Member of Parliament for Haute-Gaspésie—La Mitis—Matane—Matapédia (Matapédia—Matane; 2000–2004)
- In office November 27, 2000 – October 22, 2010
- Preceded by: René Canuel
- Succeeded by: Jean-François Fortin (2011)

Personal details
- Born: July 21, 1949 (age 76) Saint-Charles-Garnier, Quebec, Canada
- Party: Bloc Québécois
- Profession: Teacher

= Jean-Yves Roy =

Canadian politician

Jean-Yves Roy (born July 21, 1949) is a retired Canadian politician. He was a Bloc Québécois member of the House of Commons of Canada from the 2000 election until his resignation in 2010.

==Political career==
Born in Saint-Charles-Garnier, Quebec, Roy represented the districts of Matapédia—Matane until 2006 and then Haute-Gaspésie—La Mitis—Matane—Matapédia for the following four years. Prior to being elected he was a teacher. He is the Bloc's Fisheries and Oceans critic. He was a city councillor in Pointe-au-Père, Quebec in 1981, and he was mayor from 1982 to 1986.

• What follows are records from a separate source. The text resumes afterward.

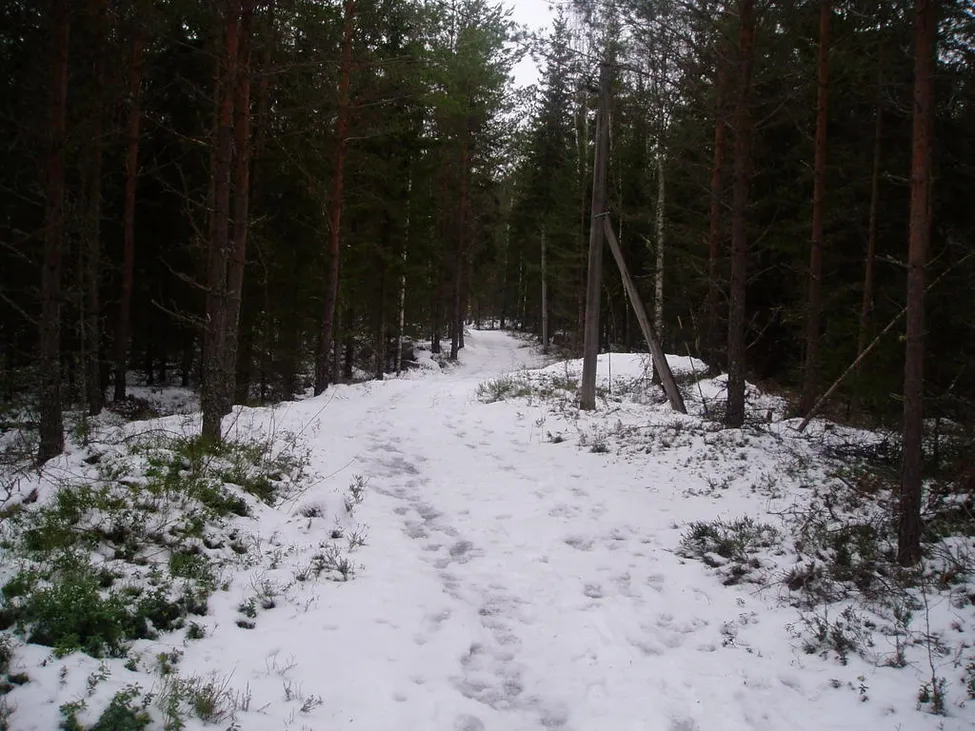 Klicka för att förstora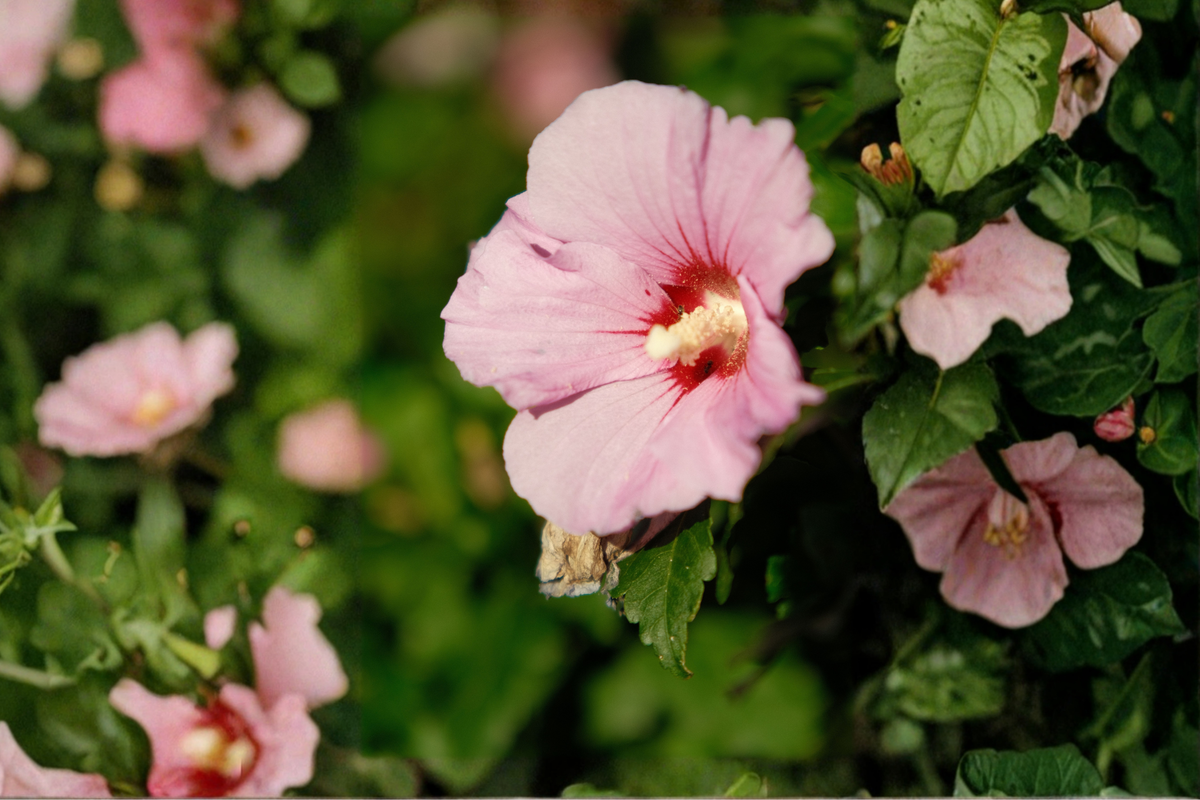 Cherry Choco Latte Hardy Hibiscus Live Plant - Hibiscus moscheutos 'Cherry Choco Latte' in 2.5-Inch Pot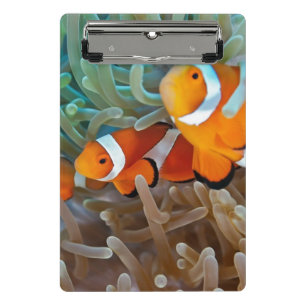 Clownfish Mini Klemmbrett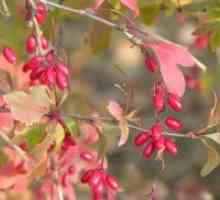 Berberis vulgaris - садење и заштита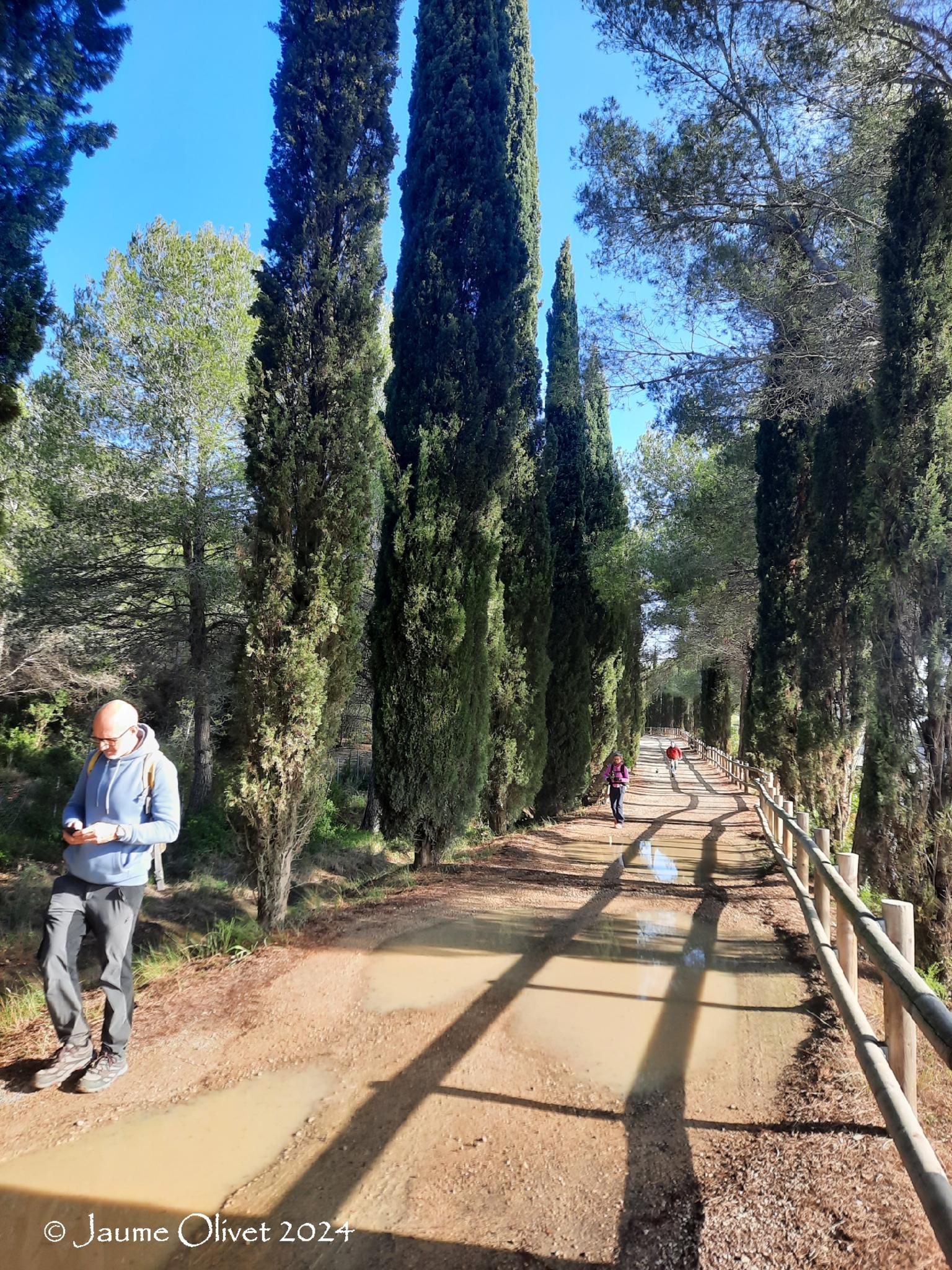  Jaume Olivet 2024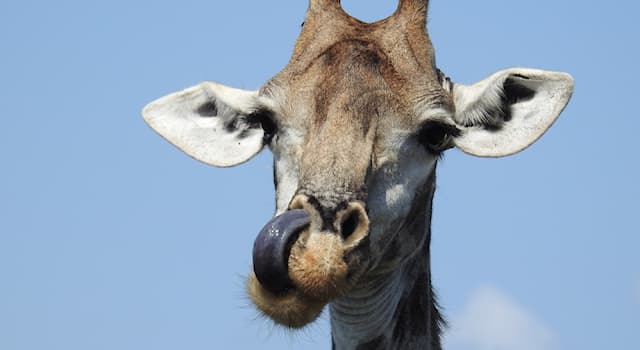 Toplum Trivia Sorusu: Burnunuzdaki iki delik ne olarak adlandırılır?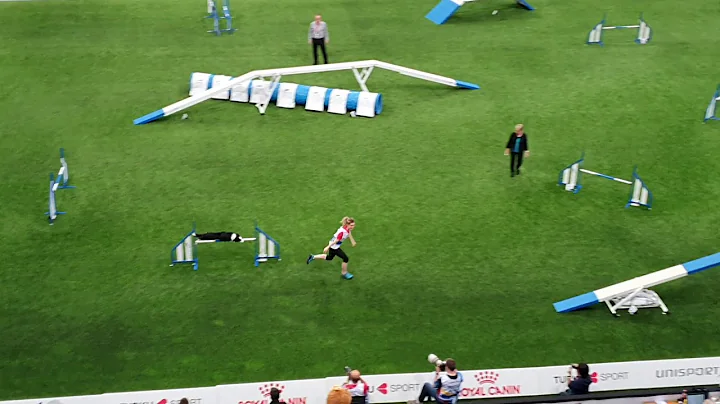 LUX Jessica Patterson Large Agility AWC 2019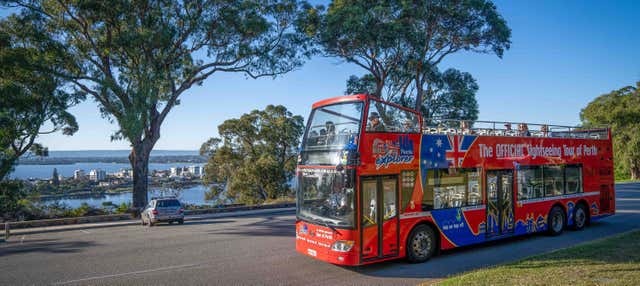 Autobus turistico di Perth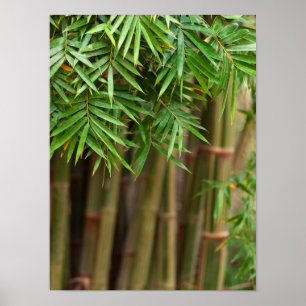 Natural Bamboo Zen Background Customised Template Poster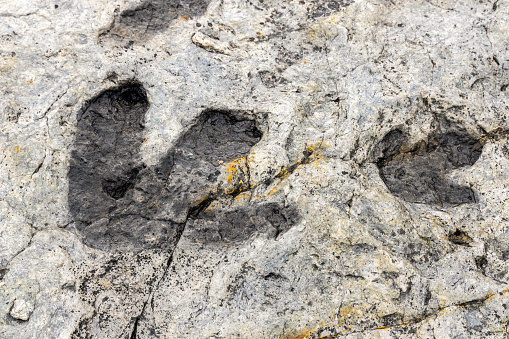 Fossilized dinosaur tracks at Dinosaur Ridge Park in Morrison, Colorado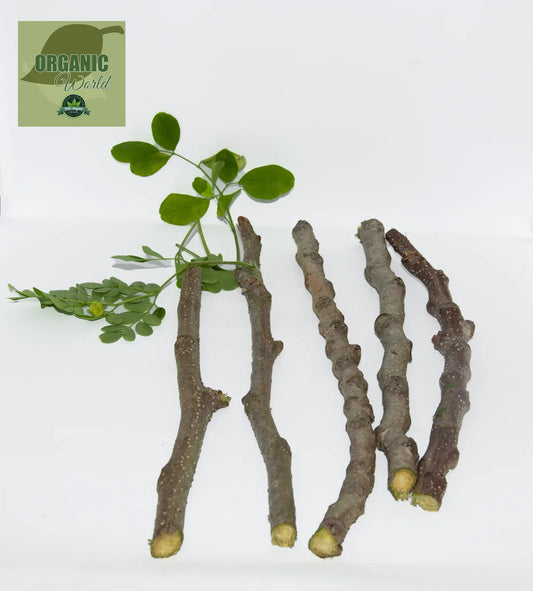 Organic Moringa Cuttings 5 Pack | Florida Grown Moringa Oleifera for Gardening, Nutrient-Rich, Healthy Live Plant Cuttings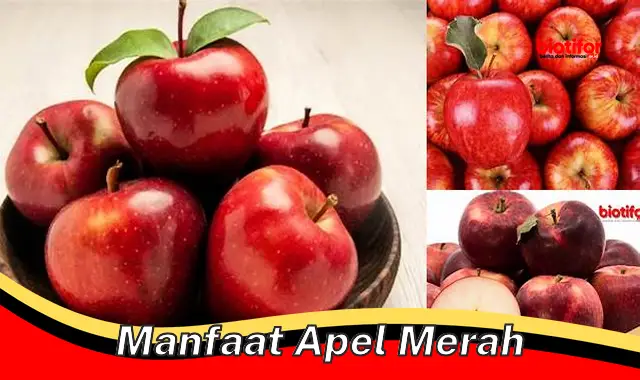 Temukan Manfaat Apel Merah yang Jarang Diketahui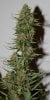 ColumbianGold-P2-Day53-Harvest-2.JPG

Roy resigned from the House effective October 22, 2010 after having been largely absent from the House of Commons. He had been asked by Bloc leader Gilles Duceppe to make a decision as to his future due to his prolonged absences and announced in September that he would wait until after the Commons voted on a private members bill to abolish the long gun registry to resign so that he could vote for the registry's retention.